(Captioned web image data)
━━━━━━━━━━━━━━━━━━━━

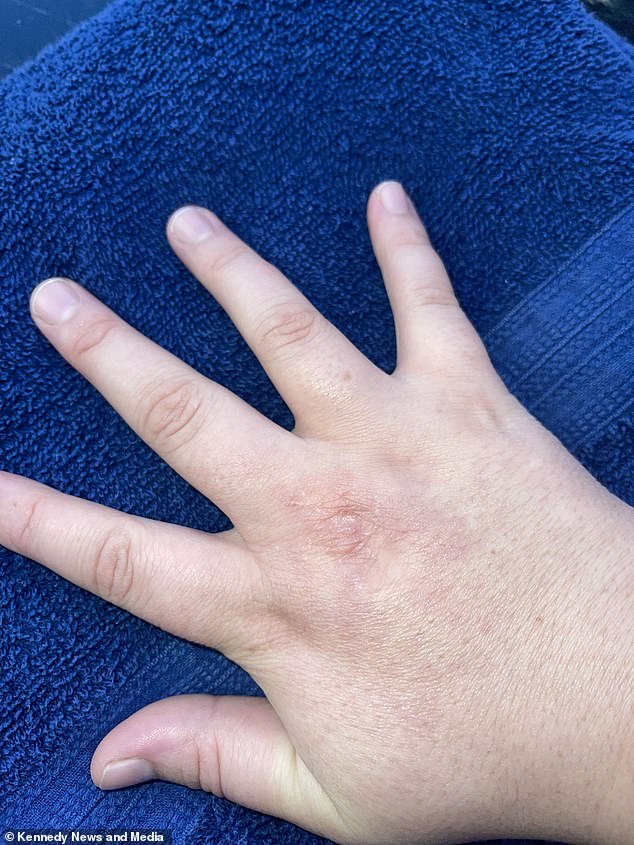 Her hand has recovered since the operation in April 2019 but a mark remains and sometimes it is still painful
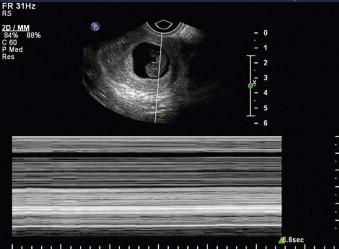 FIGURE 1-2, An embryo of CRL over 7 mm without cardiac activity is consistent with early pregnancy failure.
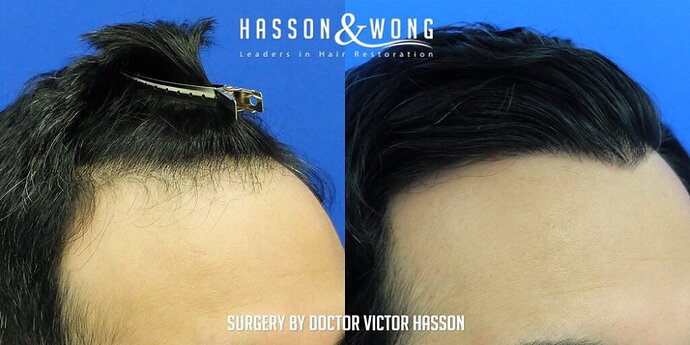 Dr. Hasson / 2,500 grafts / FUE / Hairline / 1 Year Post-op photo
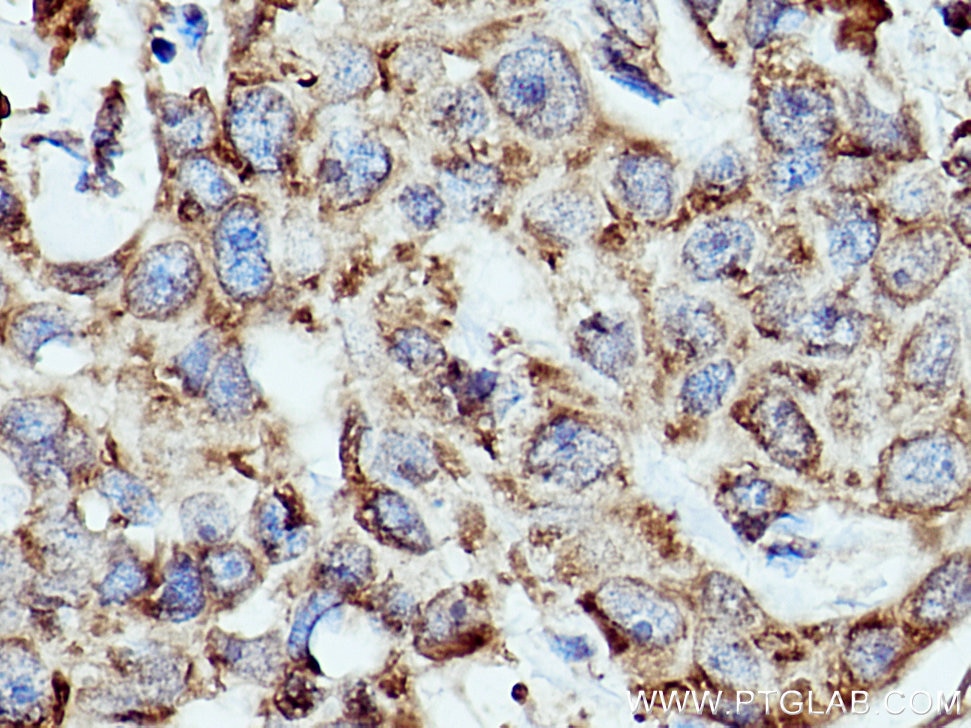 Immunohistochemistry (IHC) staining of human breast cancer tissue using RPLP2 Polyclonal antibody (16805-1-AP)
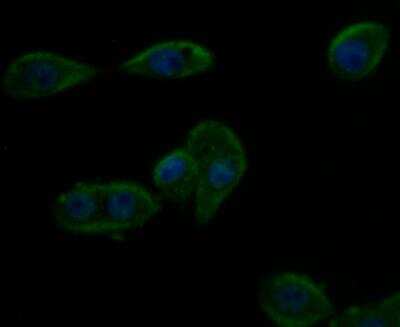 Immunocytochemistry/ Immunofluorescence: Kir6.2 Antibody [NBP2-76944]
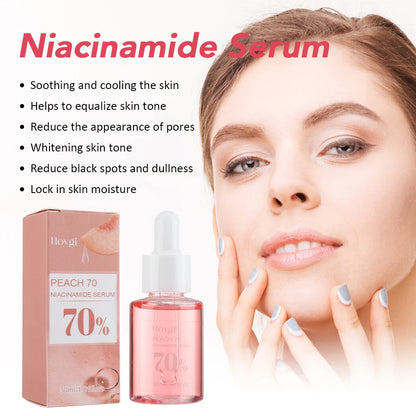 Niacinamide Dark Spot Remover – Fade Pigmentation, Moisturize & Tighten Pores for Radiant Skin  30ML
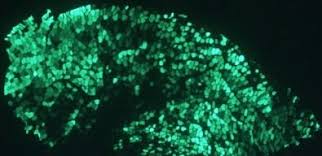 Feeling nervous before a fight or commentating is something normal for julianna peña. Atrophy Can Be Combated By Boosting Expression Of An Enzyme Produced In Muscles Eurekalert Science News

━━━━━━━━━━━━━━━━━━━━

▶ EXERCISE PROMPT
Return every record exactly, minus the pictures.

▶ RESPONSE TO THIS EXERCISE
 Her hand has recovered since the operation in April 2019 but a mark remains and sometimes it is still painful
 FIGURE 1-2, An embryo of CRL over 7 mm without cardiac activity is consistent with early pregnancy failure.
 Dr. Hasson / 2,500 grafts / FUE / Hairline / 1 Year Post-op photo
 Immunohistochemistry (IHC) staining of human breast cancer tissue using RPLP2 Polyclonal antibody (16805-1-AP)
 Immunocytochemistry/ Immunofluorescence: Kir6.2 Antibody [NBP2-76944]
 Niacinamide Dark Spot Remover – Fade Pigmentation, Moisturize & Tighten Pores for Radiant Skin  30ML
 Feeling nervous before a fight or commentating is something normal for julianna peña. Atrophy Can Be Combated By Boosting Expression Of An Enzyme Produced In Muscles Eurekalert Science News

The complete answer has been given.